The Great Race: The Race Between the English and the French to Complete the Map of Australia
The thrilling race of Frenchman Nicolas Baudin and Englishman Matthew Flinders to chart the map of Australia. On the afternoon of 8 April 1802, in the remote southern ocean, two explorers had a remarkable chance encounter. Englishman Matthew Flinders and Frenchman Nicolas Baudin had been sent by their governments on the same quest: to explore the uncharted coast of the great south land and find out whether the west and east coasts, four thousand kilometres apart, were part of the same island. And so began the race to compile the definitive map of Australia. These men's journeys were the culmination of two hundred years of exploration of the region by the Dutch - most famously Abel Tasman - the Portuguese, the Spanish and by Englishmen such as the colourful pirate William Dampier and, of course, James Cook. The three-year voyages of Baudin and Flinders would see them endure terrible hardships in the spirit of discovery. They suffered scurvy and heat exhaustion, and Flinders was shipwrecked and imprisoned - always knowing he was competing with the French to produce the first map of this mysterious continent.
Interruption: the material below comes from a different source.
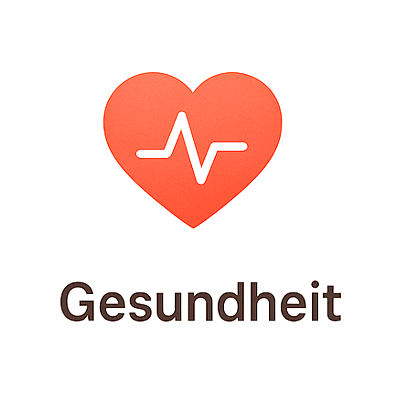 Gesundheit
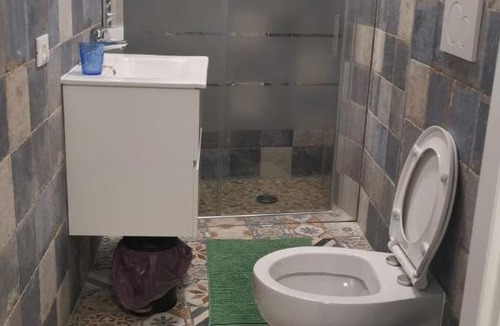 Colugna Apartment | FIAMBI & b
Written from diaries and other first-hand accounts, this is the thrilling story of men whose drawings recorded countless previously unknown species and turned mythical creatures into real ones, and whose skill and determination enabled 'terra australis incognito' to become Australia.
During his remarkable career, DAVID HILL has been chairman then managing director of the ABC, chairman of the Australian Football Association, chief executive and director of the State Rail Authority NSW, chairman of Sydney Water Corporation and chairman of CREATE, a national organisation responsible for representing the interests of young people and children in institutional care. He is the author of the bestsellers THE FORGOTTEN CHILDREN and 1788. He lives in Sydney.